Hyphen Like You Just Don't Care

I recently went to show a colleague something on my blog and horror of horrors, saw this:

The nasty, jarring, errors.

My first thought was how long had it been like this and my second of course, turned to fixing it. Sadly I didn’t have my credentials with me so it had to wait till later, but when I was able to, I looked into what caused this and why.

The Crayon Syntax Highlighter is a plugin I use to highlight bits of code and to be fair, it has done a great job, but what had suddenly caused this to go wrong? Let’s pick up the breadcrumbs at the file and location mentioned: crayon_langs.class.php and line 340.

Digging in there, we had this line:

1
return preg_replace('/[^\w-+#]/msi', '', $id);

Everything looked OK so a quick Google and I learned that this was a known issue having been written about by App Shah and punk-t - thanks guys! Basically, it’s all down to that tricky hyphen and in short, we need to escape it with a backward slash like this:

1
return preg_replace('/[^\w\-+#]/msi', '', $id);

That fixed my problem but I always want to know the underlying “why” so I kept hunting.

If we plug both of these into regex101.com, what do we see?

Without the backward slash.
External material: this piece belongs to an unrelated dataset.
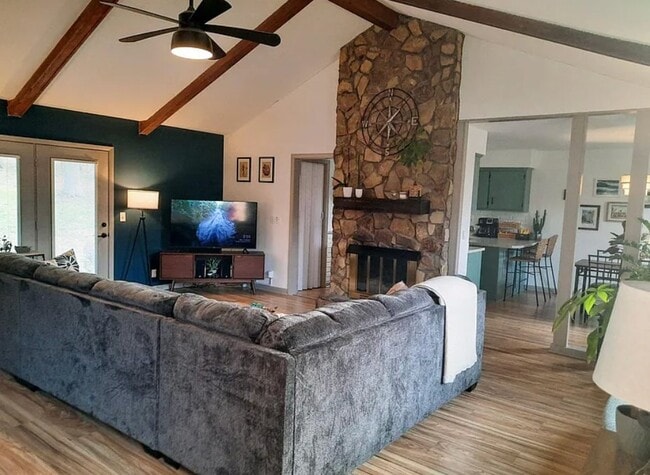 Photo - 609 Monte Carlo Dr House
And with the backslash?

Other than giving the hyphen a line of its own, it doesn’t really say much. How about the PHP docs?
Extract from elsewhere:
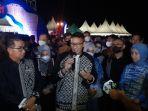 Menparekraf-RI-Sandiaga-Uno-wawancara-dengan-media-usai-pembukaan-Manakarra-Fair-2022.jpg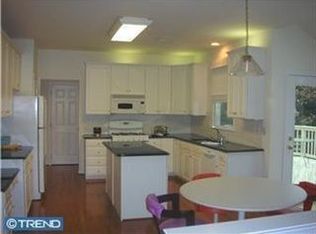 46 W Periwinkle Ln, Newark, DE 19711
The backslash character has several uses. Firstly, if it is followed by a non-alphanumeric character, it takes away any special meaning that character may have. This use of backslash as an escape character applies both inside and outside character classes.

Again, nothing we didn’t know - the backslash is well known for escaping characters. What about the different releases for PHP? Well, we can see exactly when this happened by looking at this fantastic on-line tool: 3v4l.org. With this, we can take a piece of PHP and run it against all compiled releases of PHP and capture any output. To save you some time, I have done that already here but if you like to try yourself, just paste this into the window and click the big blue “eval();“ button:

1
2
<?php
preg_match('/[\w-.]+/', '');

As you can see, it fails when it reaches PHP 7.30.

1
2
Output for 7.3.0 - 7.4.0rc1
Warning: preg_match(): Compilation failed: invalid range in character class at offset 3 in /in/36PGQ on line 3

Trying to find out what the direct cause of this took a little hunting, but I found it here.

Backward Incompatible Changes
Some behavior change can be sighted with invalid patterns…
The userland code is unaffected, whereby the pattern checking is done more precise in PCRE2.

So that’s it. PCRE are the Perl Compatible Regular Expressions and control how those pattern matching strings work. They are now more precisely interpreted, causing the sloppier way of using the hyphen to fail. By the way, in case you are interested, another solution to this would have been to place the hyphen just before the closing square bracket or sometimes directly after ranges like this: “a-c-“.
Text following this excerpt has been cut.